The external force in this case is the energy flying around with people planning big positive changes and feeling the same sort of buzz at starting a new year.
Anyway, I don’t set resolutions as much as focus on small changes I want to make on my way to bigger change. Incidentally, I tend to do this all year, and obsess about it. It just happens to be heightened and more exciting at the turn of the year.
I almost always buy too many planners and calendars, squirrel away healthy recipes and convince myself that I will go to the gym most days of the week instead of 2-3. I have visions in my head of sculpting a ballet butt and weird Madonna arms.

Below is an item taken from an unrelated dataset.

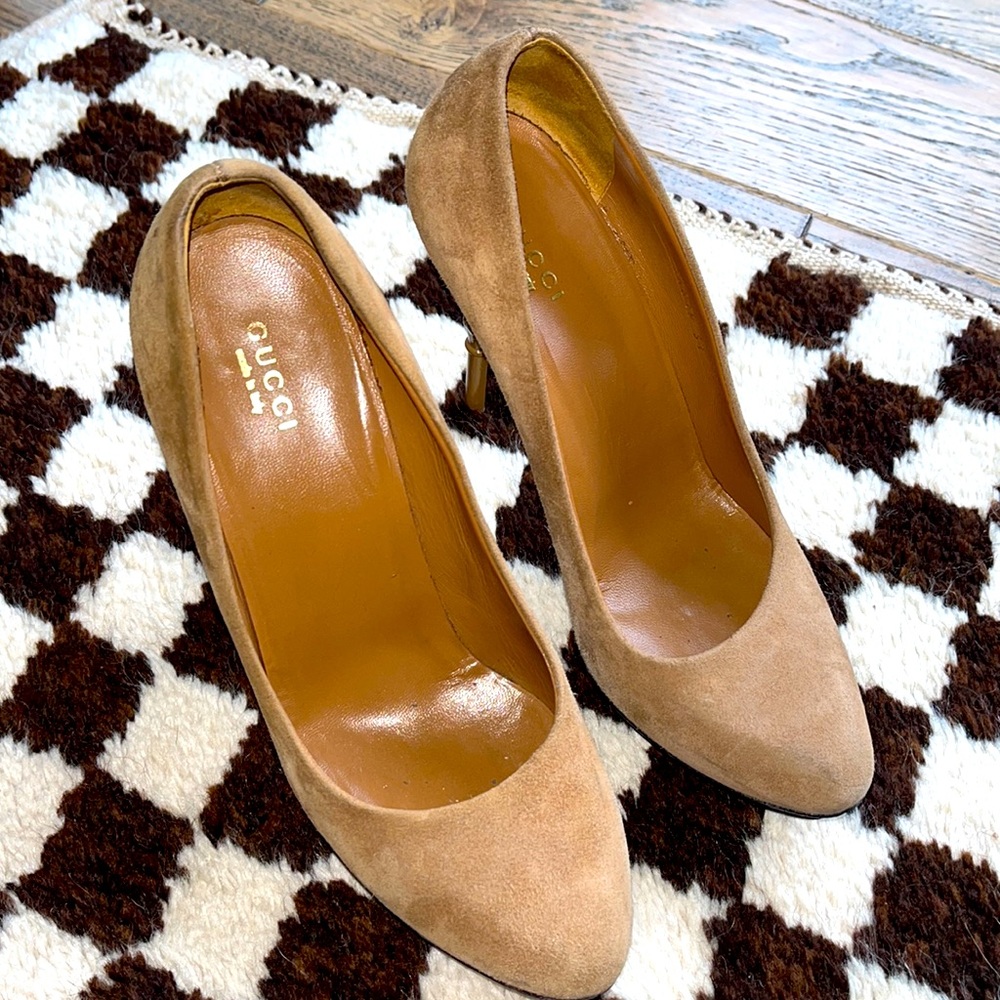 Gucci suede tan pumps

I fly into a frenzy of cleaning and throwing things out, pointing out each full garbage bag to Christian with a proudly squealed, “LOOK!”

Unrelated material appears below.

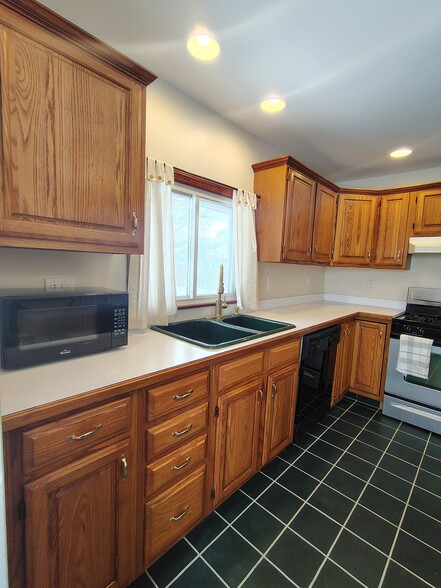 Kitchen - 45 Myers Ave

The most brilliant part is that I don’t officially announce any resolutions, preferring instead to quietly and vaguely partake in the season’s traditions, thereby avoiding humiliating failure.
My manic energy doesn’t last, tapering away probably much sooner than everybody else abandons their resolutions, but then I keep buzzed from the underlying intention to become- and do- better. It’s enough to keep me from languishing in bed all day, at least until the weather starts changing and the sun gives me another shot of energy.
The key for me here is to take advantage of my hum of energy right now and do as much as I can until it leeches out of me and I’m back to being a normal person who finds it daunting to even wash a dish. So here’s to the fleeting pocket of spritely energy that’s coursing through my being. And here’s to the imminent crash that will follow. Happy New Year!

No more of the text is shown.